Top of Dataset records

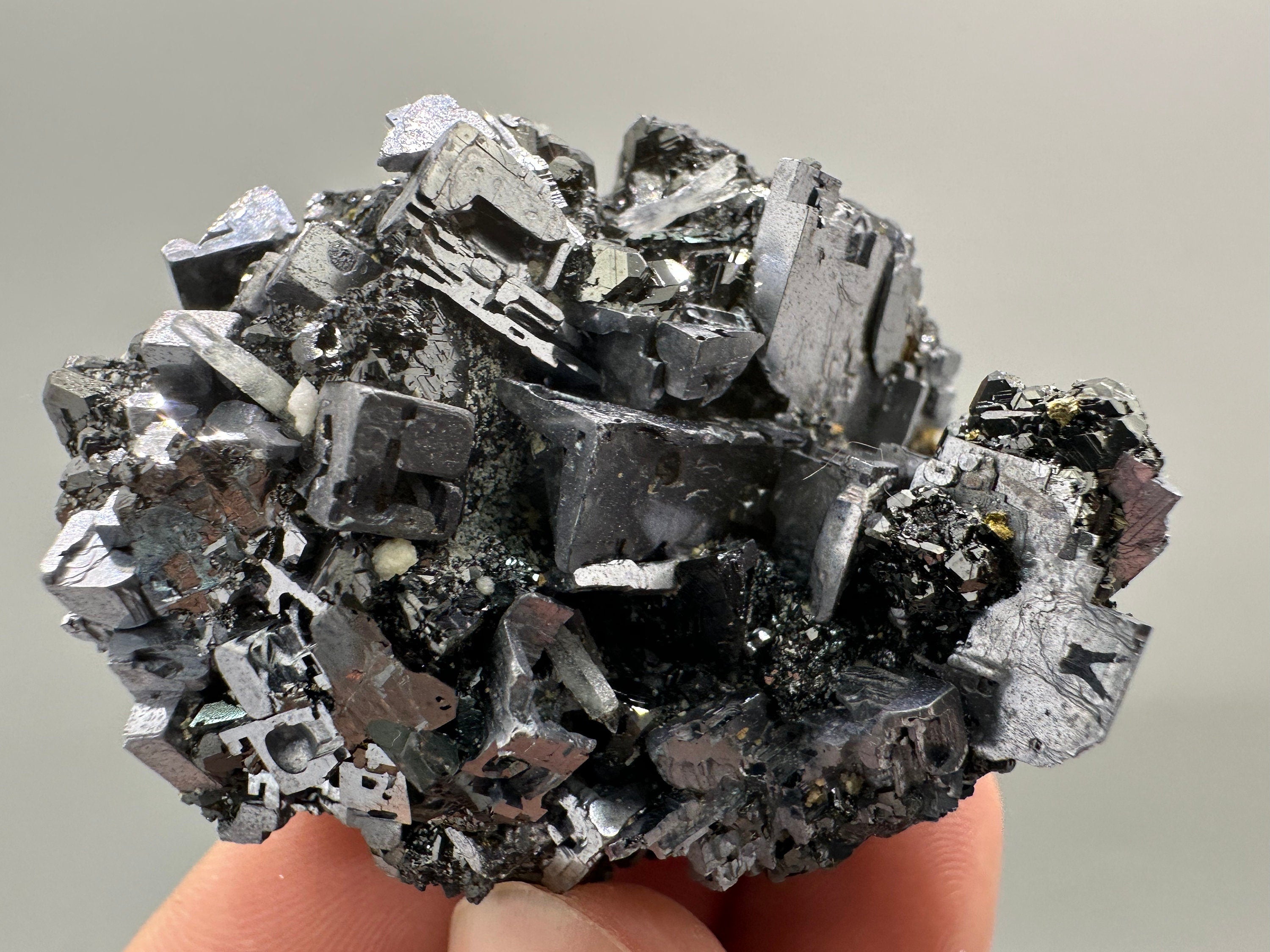 Galena on Sphalerite Mineral Specimen: Borieva Mine, Bulgaria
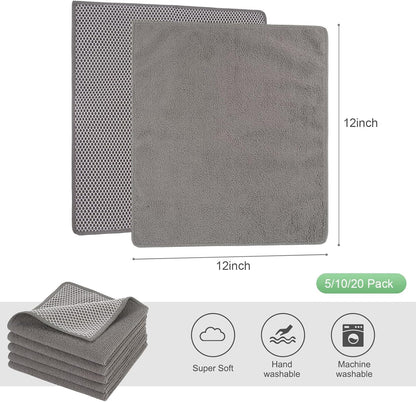 SINLAND Microfiber Dish Cloths Dish Rags for Washing Dishes Best Kitchen Washcloth Cleaning Cloths with Poly Scour Side 12Inchx12Inch 10Pack Grey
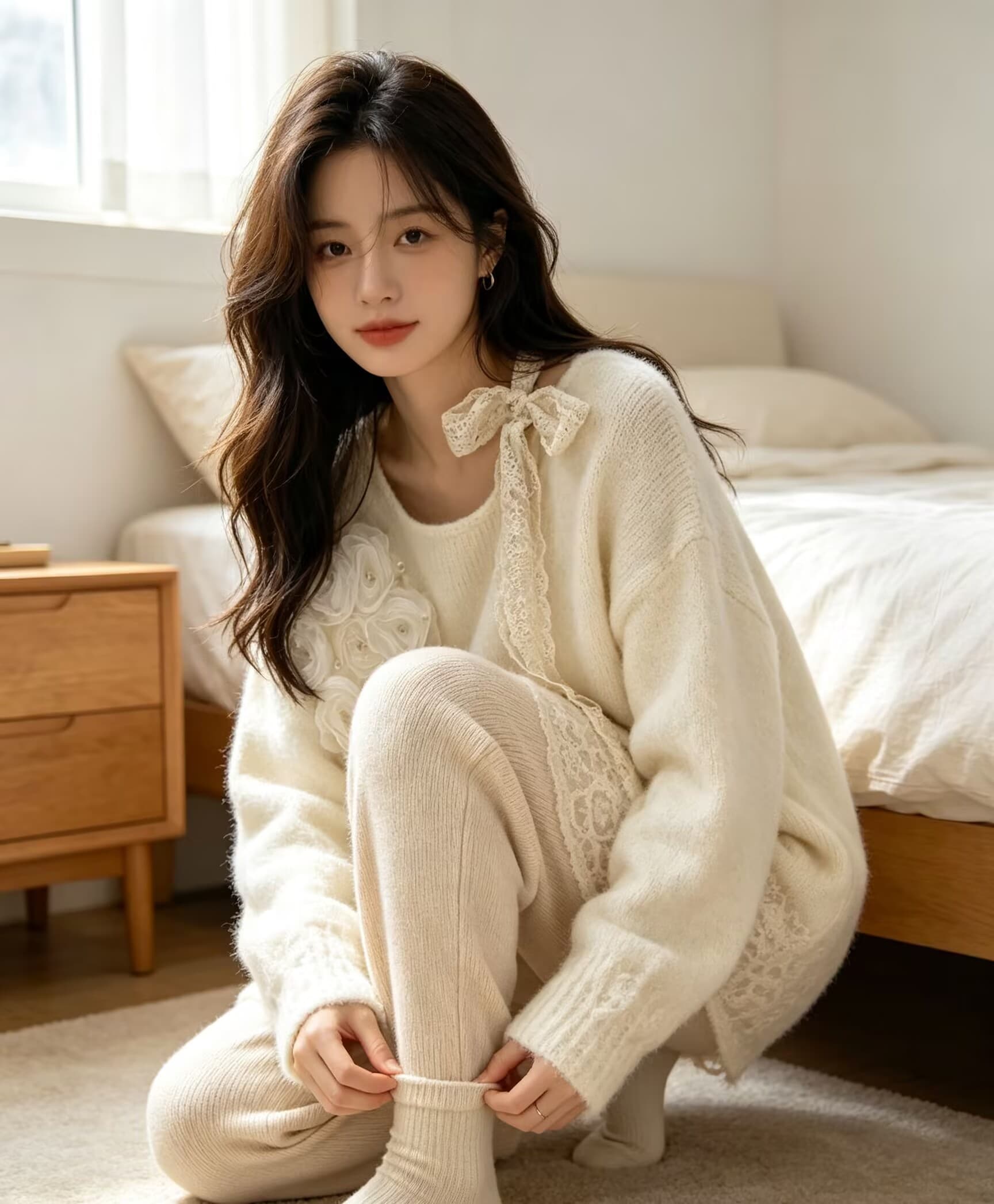 프랑스식 우아함 오프숄더 레이스업 무거운 작업 꽃 풀오버 니트 스웨터 달콤함 품격 다용도 스웨터 여자 상세 이미지 6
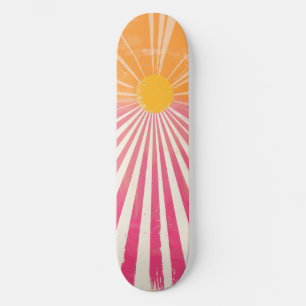Cool Retro Sunshine Pink and Orange Skateboard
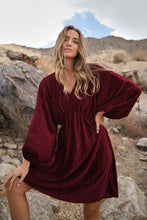 Red Ribbed Deep V-neck Long Sleeve Dress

Bottom of Dataset records

> Brief:
Return every entry above exactly as written, with no pictures included.

> Solution:
 Galena on Sphalerite Mineral Specimen: Borieva Mine, Bulgaria
 SINLAND Microfiber Dish Cloths Dish Rags for Washing Dishes Best Kitchen Washcloth Cleaning Cloths with Poly Scour Side 12Inchx12Inch 10Pack Grey
 프랑스식 우아함 오프숄더 레이스업 무거운 작업 꽃 풀오버 니트 스웨터 달콤함 품격 다용도 스웨터 여자 상세 이미지 6
Cool Retro Sunshine Pink and Orange Skateboard
 Red Ribbed Deep V-neck Long Sleeve Dress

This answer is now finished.